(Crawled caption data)
*****
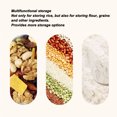 thumbnail image 3 of Distributeur de Riz, Conteneur de Stockage de Grains Robuste et Durable avec Couvercle Hermétique, Seau de Cuisine Multifonctionnel pour Farine et Grains, Matériau Pet PP, 3 of 7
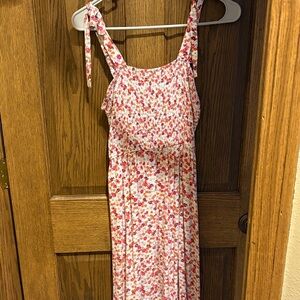 Jessica Simpson Floral Maxi Dress - Pink and White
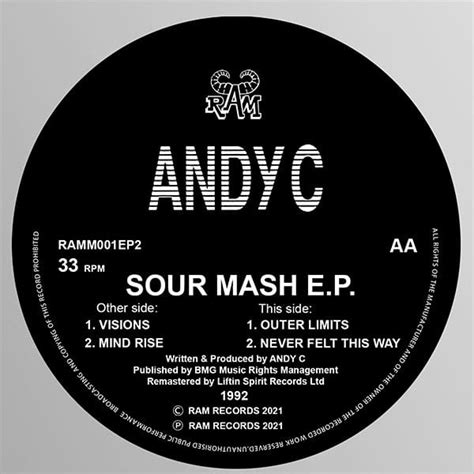 Andy C Sour Mash Ep Monky Records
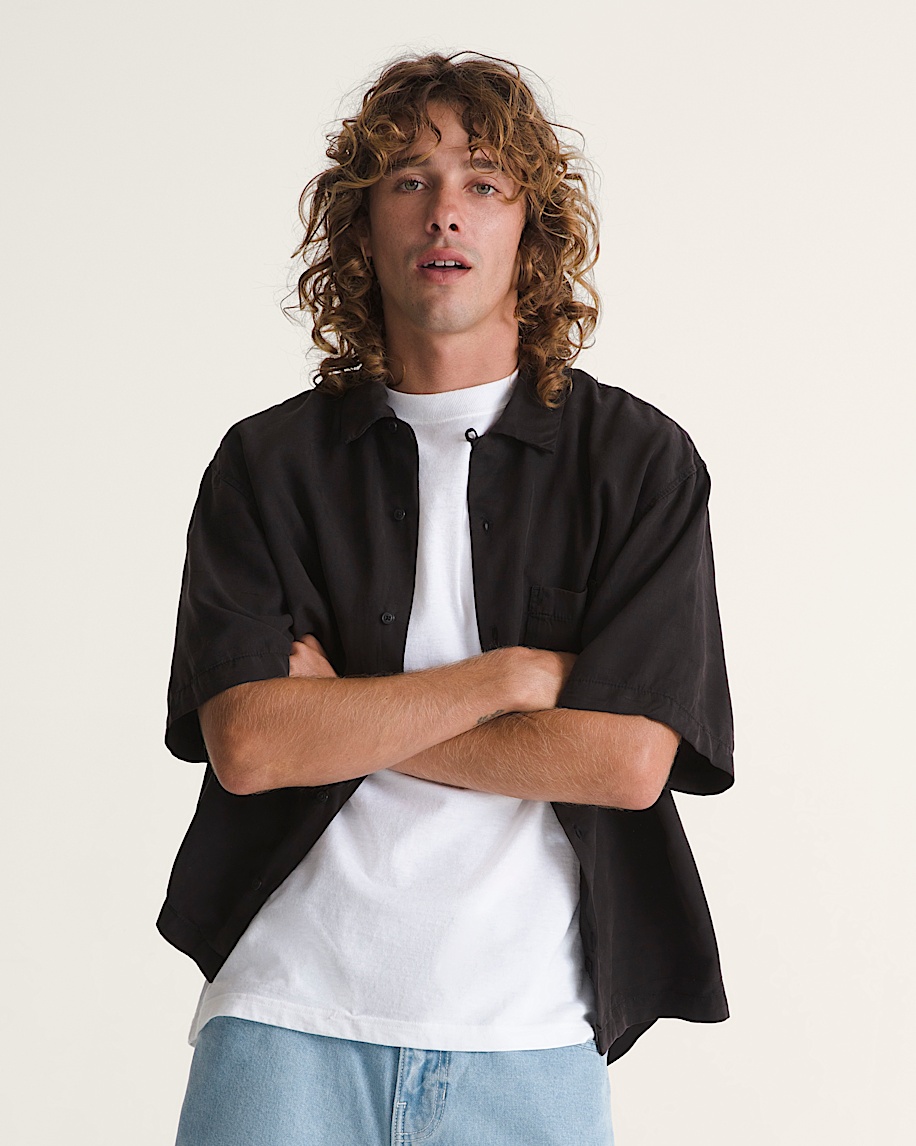 Van Doren Check Camp Shirt VANS Black ALT2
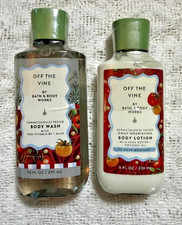 NEW Bath Body Works OFF THE VINE Body Wash Body Lotion Set 10 oz ea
*****
*Work to be completed*
Although the records contain pictures, print only the rest, exactly as written.

*Written solution*
 thumbnail image 3 of Distributeur de Riz, Conteneur de Stockage de Grains Robuste et Durable avec Couvercle Hermétique, Seau de Cuisine Multifonctionnel pour Farine et Grains, Matériau Pet PP, 3 of 7
 Jessica Simpson Floral Maxi Dress - Pink and White
 Andy C Sour Mash Ep Monky Records
 Van Doren Check Camp Shirt VANS Black ALT2
 NEW Bath Body Works OFF THE VINE Body Wash Body Lotion Set 10 oz ea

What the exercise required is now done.